We begin by finetuning our visual encoder \(V\) on the frames \(\mathcal{F} = \{ F_1, \ldots, F_m \}\) from our dataset using a self-supervised reconstruction task such as the DINO loss. This step encourages \(V\) to encode fine-grained social cues that will be useful downstream. These finetuned \(\texttt{[CLS]}\) embeddings are what we refer to as social tokens: representations that are more closely aligned to social interactions. For each frame \(F_j\), we take the social token as a frame-level visual representation \(v_j\). We then finetune DINOv2 using the teacher-student self-distillation objective.

Local and global social tokens

From the transcript, we extract nouns and verbs via POS tagging, following prior work showing that these parts of speech contain rich information for social scene understanding. Restricting to nouns and verbs encourages social alignment and mitigates common VLM failures such as overlooking social context. For each such word occurrence at time \(\tau\), we select the nearest frame \(F_j\) and compute its embedding \(v_j\). An MLP projector g(·) maps \(v_j\) into \(L\)'s embedding space, yielding a local social token \[ \texttt{[SOC-L]}_p = g(v_j) \] associated with token position p of the noun/verb. We define the global social token as the average of local tokens in the utterance:

\[ \texttt{[SOC-G]} = \frac{1}{|\mathcal{P}|}\sum_{p\in\mathcal{P}}\texttt{[SOC-L]}_p \]
We construct the input sequence by prepending the global social token, \(\texttt{[SOC-G]}\), and inserting each local social token, \(\texttt{[SOC-L]}_p\) immediately after its corresponding text token position \(p\):

\[ t_p: \{ \texttt{[SOC-G]}, t_1, t_2, ..., t_p, \texttt{[SOC-L]}_p, ..., t_k \} \]

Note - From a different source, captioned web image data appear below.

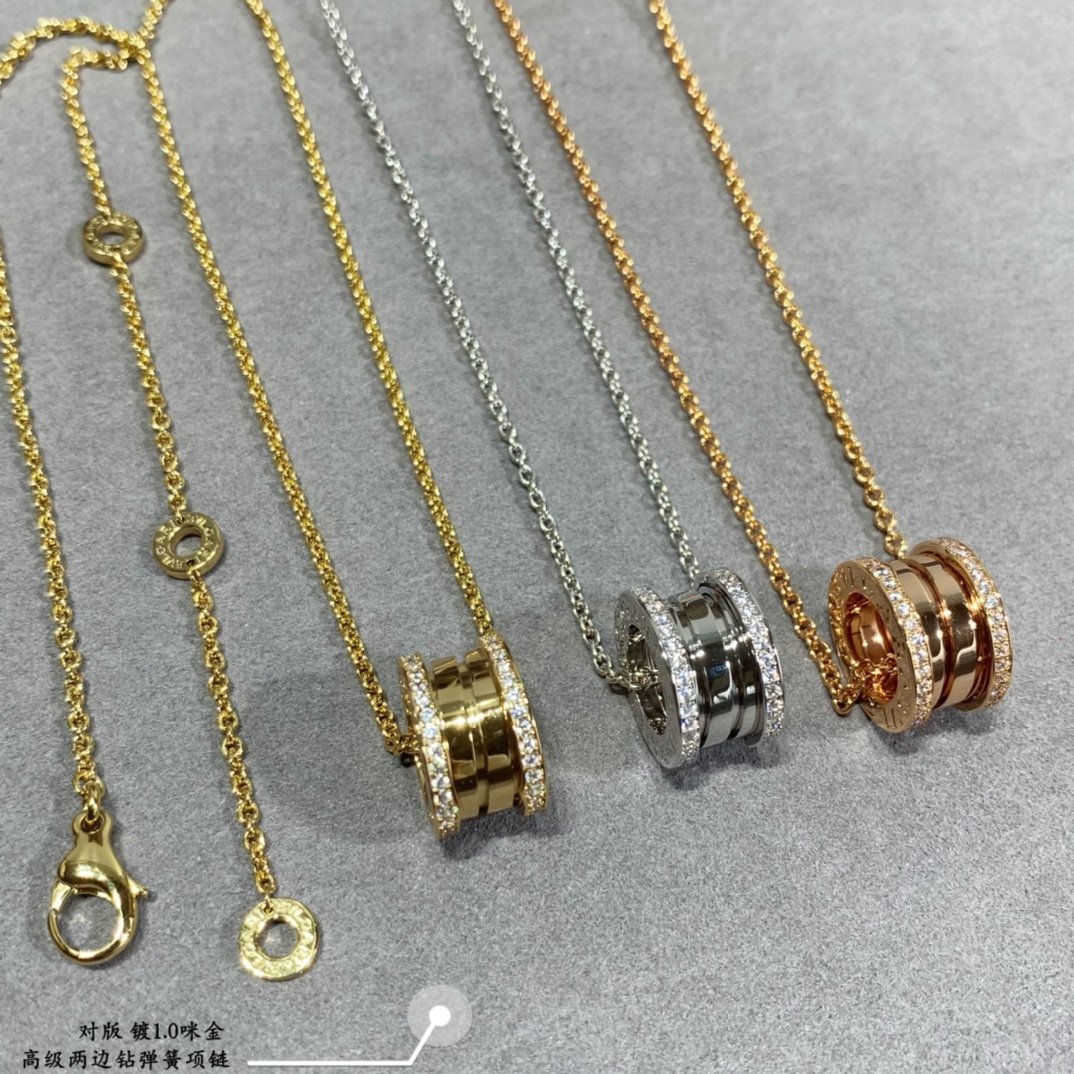 TOP BVLGARI Spring Side Diamond Necklace - 3 Color
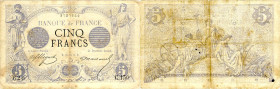 BANQUE DE FRANCE - XXe SIÈCLE
5 FRANCS (NOIR)
1872 - TB 15 (TB)
26-1, Rare !
C.150

FA 1, PI # 60
 - PAPIER - 
 ------------------------------...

Training objective and inference

We freeze \(L\) and optimize the parameters of \(V\) and the projector \(g\) only. Given the augmented sequence, we apply standard next-token cross-entropy over text tokens; losses for the inserted \(\texttt{[SOC-*]}\) tokens are masked out. Gradients flow through the inserted social tokens into \(g\) and \(V\), aligning visual embeddings with \(L\)'s token space.

At test time, we repeat noun/verb extraction, frame selection, projection, and token insertion, and then decode with \(L\). The design is modality-agnostic and can be extended by adding an audio encoder and projector in parallel.

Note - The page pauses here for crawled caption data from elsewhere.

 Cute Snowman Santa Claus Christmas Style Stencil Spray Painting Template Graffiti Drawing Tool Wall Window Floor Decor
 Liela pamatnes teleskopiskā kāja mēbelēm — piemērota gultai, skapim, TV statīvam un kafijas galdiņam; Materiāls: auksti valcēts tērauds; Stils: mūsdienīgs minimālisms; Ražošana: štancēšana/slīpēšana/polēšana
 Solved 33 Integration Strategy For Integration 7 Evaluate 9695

Social tokens improve next-word prediction

We measure perplexity of generated predictions from Gemma-2, tuned with social tokens and without social tokens. The perplexity is measured on a held-out dialogue set from the Seamless Interaction dataset (left) and a held-out caption set from the odd-one-out task (right). We find that including social tokens leads to a dramatic improvement in the model's ability to predict further social tokens.

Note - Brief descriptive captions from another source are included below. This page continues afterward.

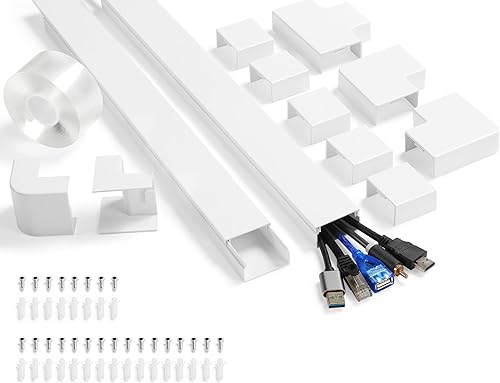 Miniatura 10 de Kit de pared para cubierta de cable, 157 pulgadas, cubiertas de alambre para cables, cable de TV para 1 cable grueso, protector de cable para TV de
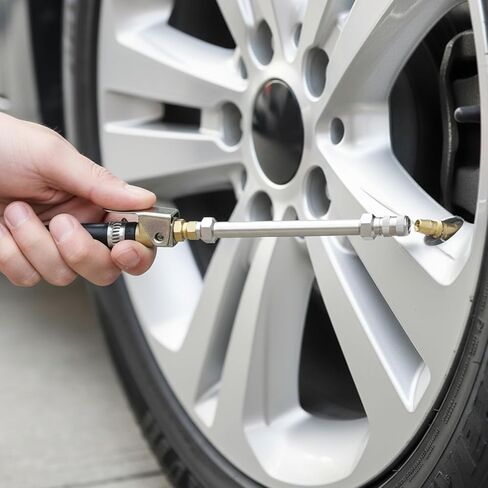 Tire Valve Stem Extensions, 4 PCS 4 Inch/100mm Valve Stem Extension Rods with Caps, Stainless Steel Air Tire Extenders for Trucks, Cars, Motorcycles & RVs, Silver in Kuwait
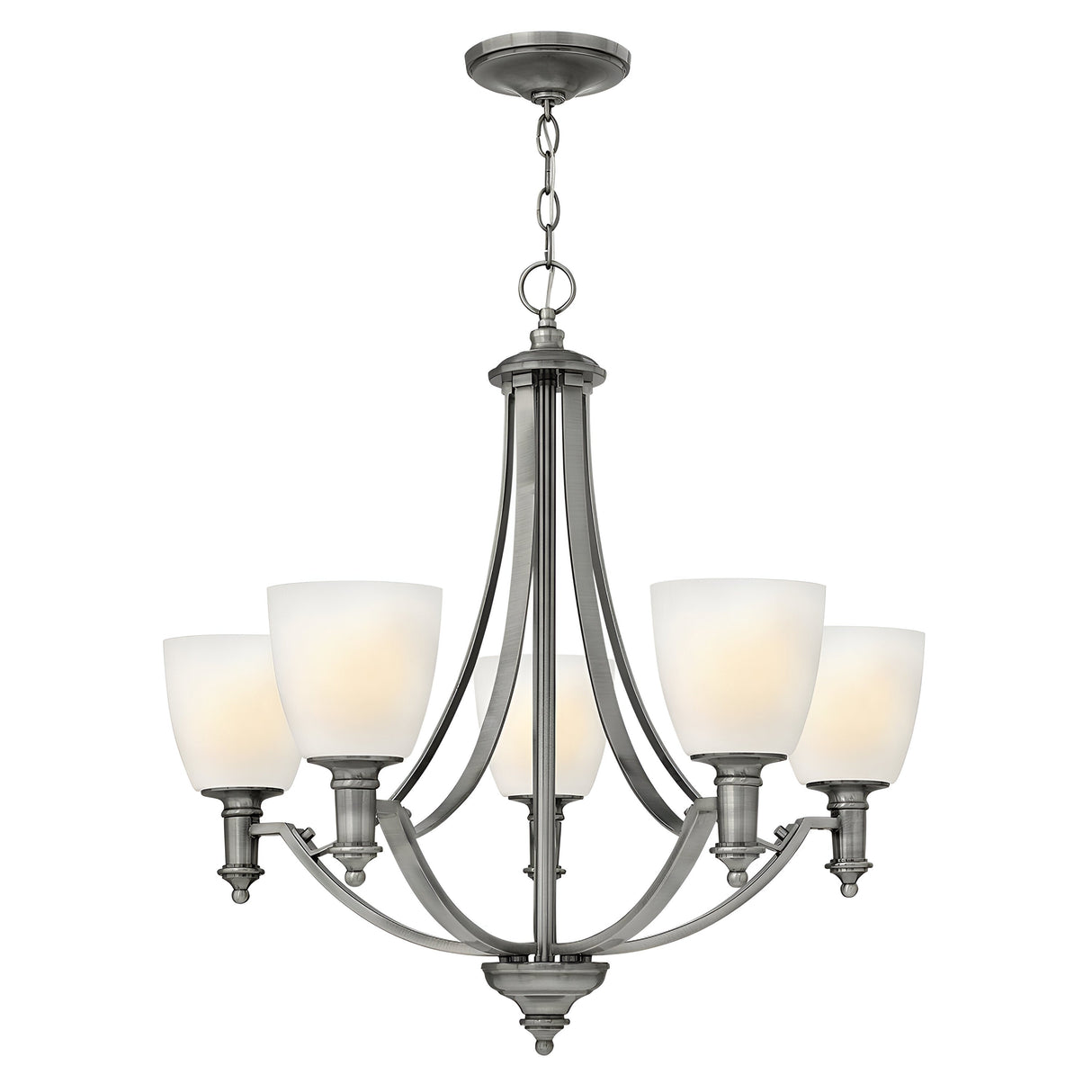 The Truman 5 Light Chandelier - Antique Nickel showcases elegance with its antique nickel finish and etched opal glass shades. Designed with gracefully curved arms and a circular base, it's ideal for both dining and living spaces.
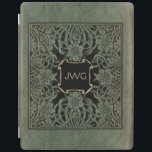 Antique Ornate Leather Monogram Book Cover<br><div class="desc">Richly ornate floral cover art from 1898 edition of Longfellow's Roses and Lilies in shades of weathered deep olive green and black. Note:  Sculpted,  engraved,  embossed and dimensional effects,  layered,  textured and shadowed appearance achieved digitally. Actual product has a flat surface.</div>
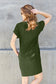Round Neck Short Sleeve Dress with Pockets - 5 colors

Attention Scores of Social Tokens

We analyze the attention maps from attention layers to understand how much attention is given to social tokens. On the left, we show the results from a string of tokens while on the right, we include a baseline where social tokens are replaced with zero vectors to understand whether there is a positional bias. We find that global social tokens receive a large amount of attention and this is not due to a positional bias as seen from the right visualization.

Conclusion

In this work, we introduced social tokens, a new mechanism designed to improve LLM performance on social tasks by aligning socially informative visual encoders with language models. This approach yielded consistent improvements in social understanding across socially relevant datasets and enhanced alignment with human judgments. Future work will include deeper ablations and extension to other modalities (e.g., audio) to broaden performance gains.